WHAT YOU HAVE TO DO = Search the material for the string "pool" and copy each line where it occurs.

Segment Open

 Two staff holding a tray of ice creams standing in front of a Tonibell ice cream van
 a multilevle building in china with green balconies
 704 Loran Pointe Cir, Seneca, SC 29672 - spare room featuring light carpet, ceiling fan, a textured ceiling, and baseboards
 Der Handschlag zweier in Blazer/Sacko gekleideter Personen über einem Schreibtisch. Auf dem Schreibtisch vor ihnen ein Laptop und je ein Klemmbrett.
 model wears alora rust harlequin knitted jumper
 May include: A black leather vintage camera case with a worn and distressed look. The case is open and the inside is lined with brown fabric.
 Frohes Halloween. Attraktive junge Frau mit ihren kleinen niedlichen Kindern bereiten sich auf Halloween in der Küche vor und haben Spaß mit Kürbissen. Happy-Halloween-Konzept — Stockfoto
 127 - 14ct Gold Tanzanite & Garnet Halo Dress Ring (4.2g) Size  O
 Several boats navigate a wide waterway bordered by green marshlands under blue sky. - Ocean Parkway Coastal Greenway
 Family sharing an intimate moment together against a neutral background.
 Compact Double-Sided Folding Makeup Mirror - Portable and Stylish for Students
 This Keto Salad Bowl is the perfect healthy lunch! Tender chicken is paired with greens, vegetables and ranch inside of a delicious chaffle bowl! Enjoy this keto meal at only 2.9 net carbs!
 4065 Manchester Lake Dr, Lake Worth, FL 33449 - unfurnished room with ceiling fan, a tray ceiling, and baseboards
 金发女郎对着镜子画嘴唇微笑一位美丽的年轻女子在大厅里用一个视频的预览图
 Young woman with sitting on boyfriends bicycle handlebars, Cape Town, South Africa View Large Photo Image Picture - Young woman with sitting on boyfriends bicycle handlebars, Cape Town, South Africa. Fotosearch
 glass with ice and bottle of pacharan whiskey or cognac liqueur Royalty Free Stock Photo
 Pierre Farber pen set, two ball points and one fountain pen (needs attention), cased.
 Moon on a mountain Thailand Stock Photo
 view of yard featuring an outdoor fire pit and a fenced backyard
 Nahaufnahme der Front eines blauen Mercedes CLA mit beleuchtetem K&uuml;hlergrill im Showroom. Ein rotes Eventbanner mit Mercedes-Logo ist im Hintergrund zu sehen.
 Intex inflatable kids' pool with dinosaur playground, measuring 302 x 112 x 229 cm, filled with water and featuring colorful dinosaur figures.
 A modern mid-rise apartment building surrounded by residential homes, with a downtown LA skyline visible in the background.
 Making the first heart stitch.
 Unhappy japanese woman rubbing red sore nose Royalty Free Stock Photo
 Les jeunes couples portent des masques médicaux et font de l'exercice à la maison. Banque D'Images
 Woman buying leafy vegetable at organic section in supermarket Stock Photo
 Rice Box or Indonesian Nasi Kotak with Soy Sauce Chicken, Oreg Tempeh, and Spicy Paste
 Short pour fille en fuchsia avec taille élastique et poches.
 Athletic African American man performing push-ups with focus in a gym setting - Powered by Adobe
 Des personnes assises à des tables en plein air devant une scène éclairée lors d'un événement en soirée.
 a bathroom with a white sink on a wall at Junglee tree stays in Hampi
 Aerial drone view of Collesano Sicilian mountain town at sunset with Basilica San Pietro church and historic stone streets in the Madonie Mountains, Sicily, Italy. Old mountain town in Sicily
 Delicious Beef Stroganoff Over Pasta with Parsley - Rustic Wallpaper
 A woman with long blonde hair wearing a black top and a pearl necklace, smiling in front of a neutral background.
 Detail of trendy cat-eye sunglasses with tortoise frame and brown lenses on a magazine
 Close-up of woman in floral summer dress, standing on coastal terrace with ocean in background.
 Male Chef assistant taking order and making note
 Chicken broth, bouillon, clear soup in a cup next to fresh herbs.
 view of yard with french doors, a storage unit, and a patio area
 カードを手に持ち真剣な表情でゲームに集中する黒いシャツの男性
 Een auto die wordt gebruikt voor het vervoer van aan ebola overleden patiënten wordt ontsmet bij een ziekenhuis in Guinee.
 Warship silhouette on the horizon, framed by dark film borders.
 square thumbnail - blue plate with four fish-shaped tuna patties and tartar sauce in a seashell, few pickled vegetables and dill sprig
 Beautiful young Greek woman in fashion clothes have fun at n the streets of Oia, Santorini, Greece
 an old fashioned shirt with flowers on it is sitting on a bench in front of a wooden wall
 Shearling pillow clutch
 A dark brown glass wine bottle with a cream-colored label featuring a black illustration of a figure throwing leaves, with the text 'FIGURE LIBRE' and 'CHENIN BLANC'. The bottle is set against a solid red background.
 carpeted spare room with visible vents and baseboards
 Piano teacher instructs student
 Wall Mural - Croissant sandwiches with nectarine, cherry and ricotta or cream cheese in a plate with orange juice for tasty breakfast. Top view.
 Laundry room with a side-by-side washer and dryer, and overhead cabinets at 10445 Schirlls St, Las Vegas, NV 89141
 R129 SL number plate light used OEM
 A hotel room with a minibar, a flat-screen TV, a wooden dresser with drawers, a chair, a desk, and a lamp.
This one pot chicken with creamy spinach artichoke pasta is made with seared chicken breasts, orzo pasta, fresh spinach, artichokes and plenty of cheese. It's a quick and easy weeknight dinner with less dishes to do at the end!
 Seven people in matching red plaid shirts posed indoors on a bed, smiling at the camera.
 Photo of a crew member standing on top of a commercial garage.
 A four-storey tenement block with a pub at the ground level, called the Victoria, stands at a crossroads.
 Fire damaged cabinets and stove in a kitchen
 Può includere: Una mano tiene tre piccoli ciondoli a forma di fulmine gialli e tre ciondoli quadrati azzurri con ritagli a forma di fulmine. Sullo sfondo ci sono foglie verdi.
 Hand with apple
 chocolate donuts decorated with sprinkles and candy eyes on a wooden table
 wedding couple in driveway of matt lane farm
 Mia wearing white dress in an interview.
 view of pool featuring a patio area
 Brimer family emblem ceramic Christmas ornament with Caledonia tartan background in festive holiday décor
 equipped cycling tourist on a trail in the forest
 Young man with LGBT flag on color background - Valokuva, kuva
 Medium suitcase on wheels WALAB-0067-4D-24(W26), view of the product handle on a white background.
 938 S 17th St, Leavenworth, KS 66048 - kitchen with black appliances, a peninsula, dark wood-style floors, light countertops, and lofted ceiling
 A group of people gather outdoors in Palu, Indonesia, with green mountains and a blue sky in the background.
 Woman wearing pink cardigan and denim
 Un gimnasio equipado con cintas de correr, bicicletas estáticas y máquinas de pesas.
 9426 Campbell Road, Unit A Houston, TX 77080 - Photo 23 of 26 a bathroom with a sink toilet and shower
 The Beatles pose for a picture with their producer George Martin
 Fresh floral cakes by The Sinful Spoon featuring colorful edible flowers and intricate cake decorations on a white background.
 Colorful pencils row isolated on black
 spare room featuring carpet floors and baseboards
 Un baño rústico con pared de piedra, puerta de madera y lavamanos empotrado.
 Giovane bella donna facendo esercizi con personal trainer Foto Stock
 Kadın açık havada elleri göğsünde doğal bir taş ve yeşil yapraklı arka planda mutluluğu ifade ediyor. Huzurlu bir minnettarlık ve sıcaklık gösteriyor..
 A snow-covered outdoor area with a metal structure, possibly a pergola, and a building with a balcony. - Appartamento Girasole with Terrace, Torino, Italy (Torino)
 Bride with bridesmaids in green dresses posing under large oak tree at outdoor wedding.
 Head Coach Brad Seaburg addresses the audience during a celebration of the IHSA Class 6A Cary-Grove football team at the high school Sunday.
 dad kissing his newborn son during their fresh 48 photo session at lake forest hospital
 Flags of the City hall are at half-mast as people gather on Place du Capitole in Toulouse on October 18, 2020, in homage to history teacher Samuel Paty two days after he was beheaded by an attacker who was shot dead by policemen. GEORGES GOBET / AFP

Segment Closed

THE COMPLETED TASK =
 Intex inflatable kids' pool with dinosaur playground, measuring 302 x 112 x 229 cm, filled with water and featuring colorful dinosaur figures.
 view of pool featuring a patio area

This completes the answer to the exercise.